Orthogonal Range Searching on the RAM, Revisited

TL;DR

This paper introduces new data structures and algorithms for orthogonal range searching in computational geometry, achieving improved space and query time bounds for 2-d and 3-d cases, and resolving open problems in 4-d dominance reporting.

Contribution

The paper presents novel data structures with better space and query time complexities for orthogonal range searching, including solutions for 2-d, 3-d, and 4-d cases, improving upon prior results.

Findings

2-d range emptiness query time reduced to O(lg lg n)

3-d orthogonal range reporting space improved to O(n lg^{1+eps} n)

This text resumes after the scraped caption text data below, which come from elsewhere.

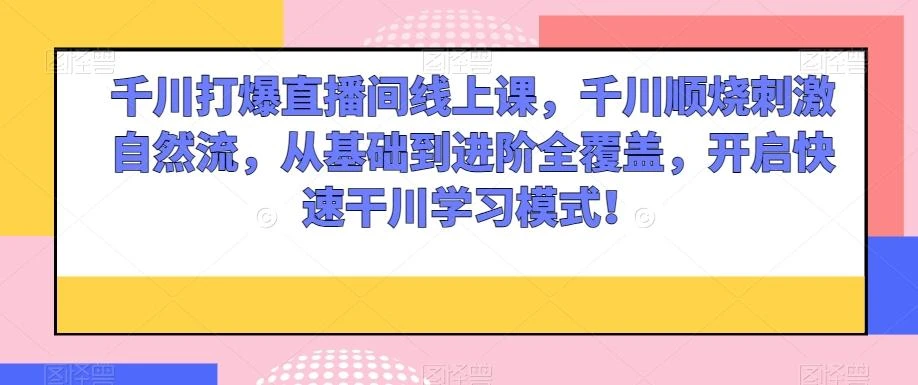 千川打爆直播间线上课,千川顺烧刺激自然流,从基础到进阶全覆盖,开启快速干川学习模式!
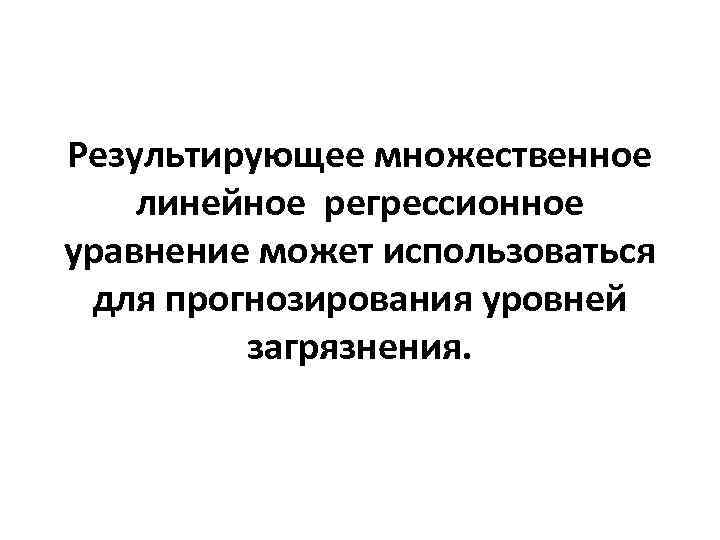 Результирующее множественное линейное регрессионное уравнение может использоваться для прогнозирования уровней загрязнения. Результирующее множественное линейное регрессионное уравнение может использоваться для прогнозирования уровней загрязнения.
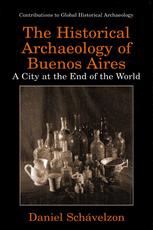 The Historical Archaeology of Buenos Aires - Daniel Schávelzon; Stanley South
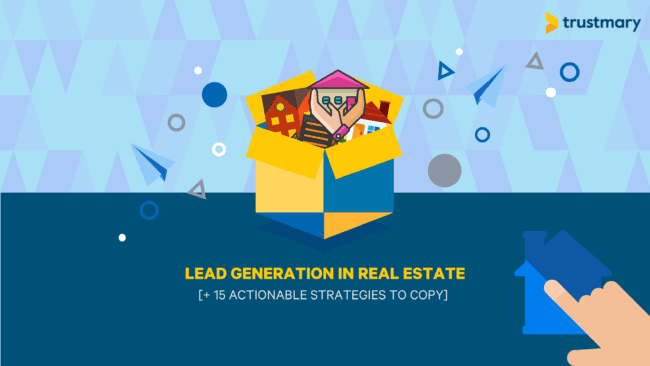 Lead-Generierung in der Immobilienbranche (15 Strategien!)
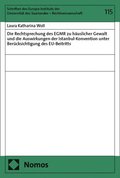 Die Rechtsprechung Des Egmr Zu Hauslicher Gewalt Und Die Auswirkungen Der Istanbul-Konvention Unter Berucksichtigung Des Eu-Beitritts: Unter Berucksic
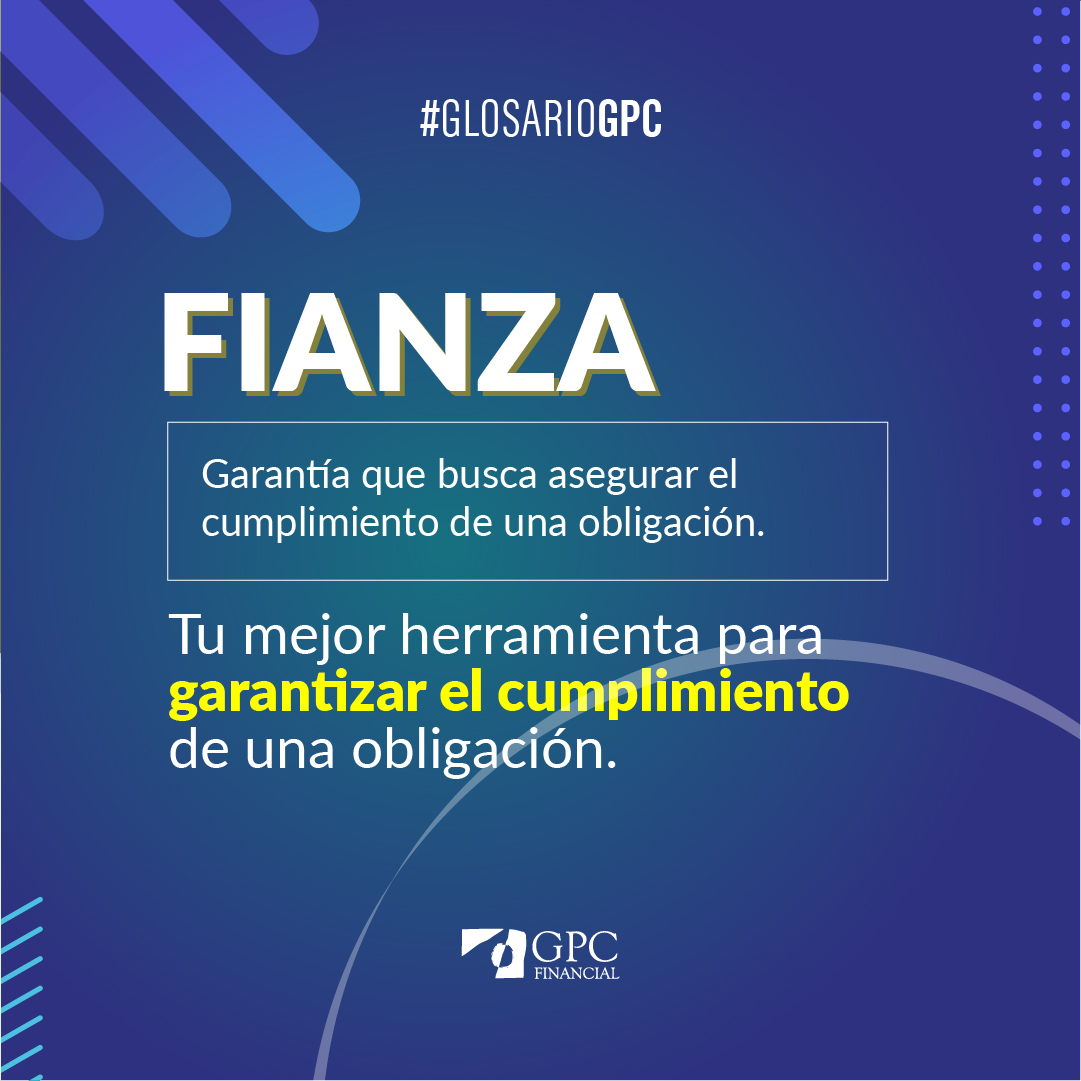 #GlosarioGPC... - GPC Financial, Agente de Seguros y Fianzas | Facebook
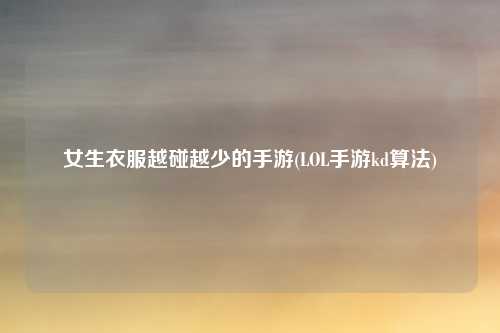 女生衣服越碰越少的手游(LOL手游kd算法)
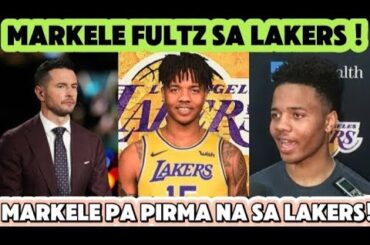 Good news si Markele Fultz sign Contract sa Los Angeles Lakers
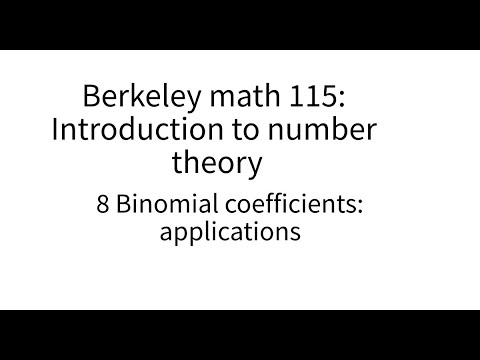 Introduction to number theory lecture 8. Applications of binomial coefficients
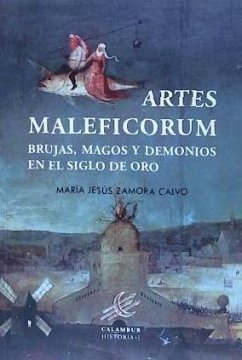 Artes maleficorum : brujas, magos y demonios en el Siglo de Oro - Zamora Calvo, María Jesús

4-d dominance reporting algorithms achieve O(n lg n) expected time

Abstract

We present several new results on one of the most extensively studied topics in computational geometry, orthogonal range searching. All our results are in the standard word RAM model for points in rank space: ** We present two data structures for 2-d orthogonal range emptiness. The first achieves O(n lglg n) space and O(lglg n) query time. This improves the previous results by Alstrup, Brodal, and Rauhe(FOCS'00), with O(n lg^eps n) space and O(lglg n) query time, or with O(nlglg n) space and O(lg^2 lg n) query time. Our second data structure uses O(n) space and answers queries in O(lg^eps n) time. The best previous O(n)-space data structure, due to Nekrich (WADS'07), answers queries in O(lg n/lglg n) time. ** For 3-d orthogonal range reporting, we obtain space O(n lg^{1+eps} n) and query time O(lglg n + k), for any constant eps>0. This improves previous results by Afshani (ESA'08), Karpinski and Nekrich (COCOON'09), and Chan (SODA'11), with O(n lg^3 n) space and O(lglg n + k) query time, or with O(n lg^{1+eps} n) space and O(lg^2 lg n + k) query time. This implies improved bounds for orthogonal range reporting in all constant dimensions above 3. ** We give a randomized algorithm for 4-d offline dominance range reporting/emptiness with running time O(n lg n + k). This resolves two open problems from Preparata and Shamos' seminal book: **** given n axis-aligned rectangles in the plane, we can report all k enclosure pairs in O(n lg n + k) expected time. The best known result was an O([n lg n + k] lglg n) algorithm from SoCG'95 by Gupta, Janardan, Smid, and Dasgupta. **** given n points in 4-d, we can find all maximal points in O(n lg n) expected time. The best previous result was an O(n lg n lglg n) algorithm due to Gabow, Bentley, and Tarjan (STOC'84). This implies record time bounds for the maxima problem in all constant dimensions above 4.